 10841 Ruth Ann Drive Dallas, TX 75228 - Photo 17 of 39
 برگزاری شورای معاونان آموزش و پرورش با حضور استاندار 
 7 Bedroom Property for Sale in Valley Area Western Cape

==

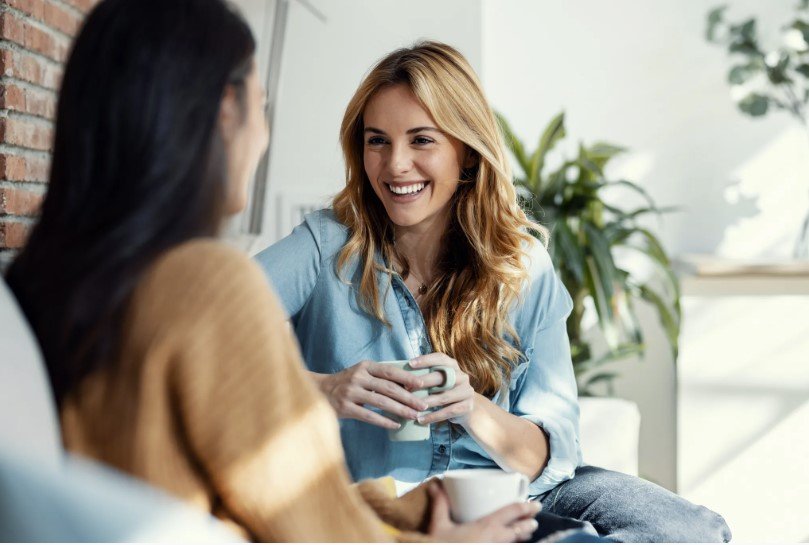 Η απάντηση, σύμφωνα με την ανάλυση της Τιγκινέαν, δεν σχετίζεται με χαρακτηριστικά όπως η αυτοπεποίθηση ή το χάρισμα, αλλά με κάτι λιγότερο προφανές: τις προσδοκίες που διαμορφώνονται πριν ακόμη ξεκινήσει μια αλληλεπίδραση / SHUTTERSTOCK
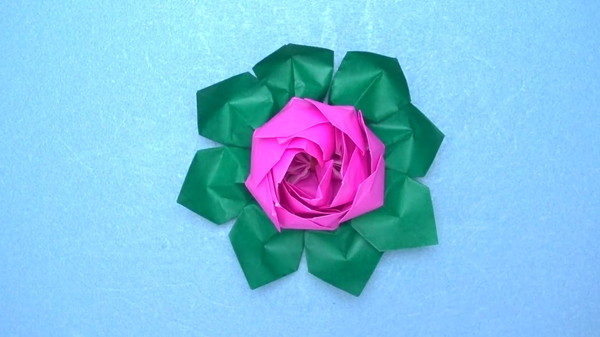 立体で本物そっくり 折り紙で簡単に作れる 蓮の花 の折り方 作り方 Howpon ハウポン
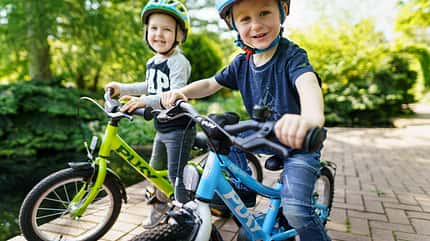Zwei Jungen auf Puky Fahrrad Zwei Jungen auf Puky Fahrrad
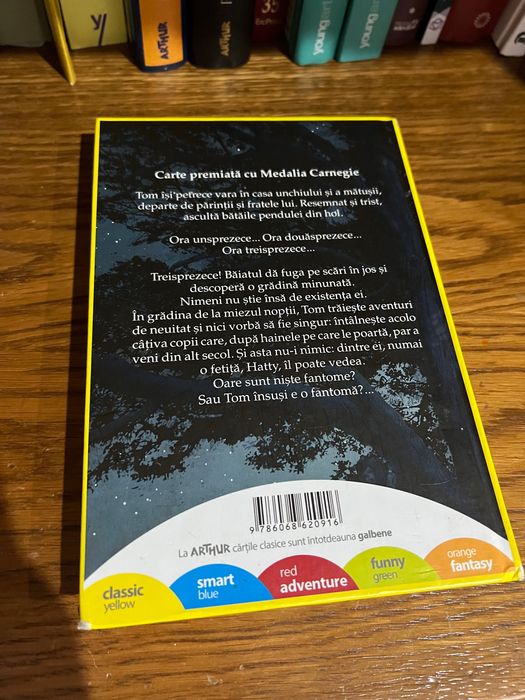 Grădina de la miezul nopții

---

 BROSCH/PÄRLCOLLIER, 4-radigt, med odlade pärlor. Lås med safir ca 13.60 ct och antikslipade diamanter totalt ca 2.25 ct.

#### Exercise aim:
Within the listing above, extract exactly the lines from the line with "10841 Ruth Ann" to the line with "7 Bedroom Property", the two named lines included, and no others.

#### Final answer:
 10841 Ruth Ann Drive Dallas, TX 75228 - Photo 17 of 39
 برگزاری شورای معاونان آموزش و پرورش با حضور استاندار 
 7 Bedroom Property for Sale in Valley Area Western Cape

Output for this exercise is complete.